Exercise data -
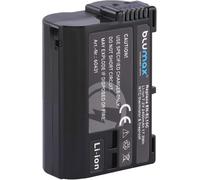 Batterie compatible avec Nikon EN-EL15c - 2400 mAh - EN-EL15b EN-EL15a EN-EL15 - Capteur NTC & boîtier V1 - Pour Z8 Z7 II Z6 III Zf Z5 D800 D7500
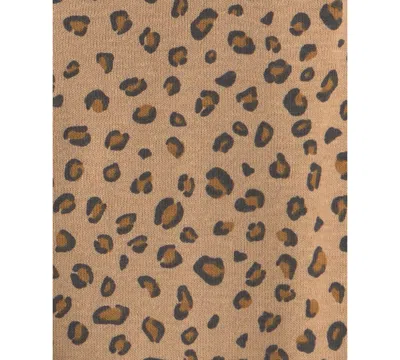 Carter's Baby Girls' Leopard Printed Bodysuits, 4-pack In Multi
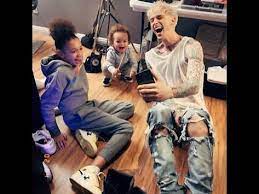 Mgk Casie Being Cute Af With His Nephew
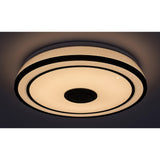 Candeeiro de Teto Rabalux, LED 24W, RGB, Bluetooth, Temporizador, Modelo Nikolaus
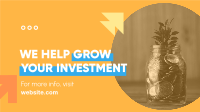 Grow your investment Facebook Event Cover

The problem -
In the copy, include exactly the lines from the one containing "Candeeiro de Teto" through the last line of the records, and no pictures or other text.

Task solution -
 Candeeiro de Teto Rabalux, LED 24W, RGB, Bluetooth, Temporizador, Modelo Nikolaus
 Grow your investment Facebook Event Cover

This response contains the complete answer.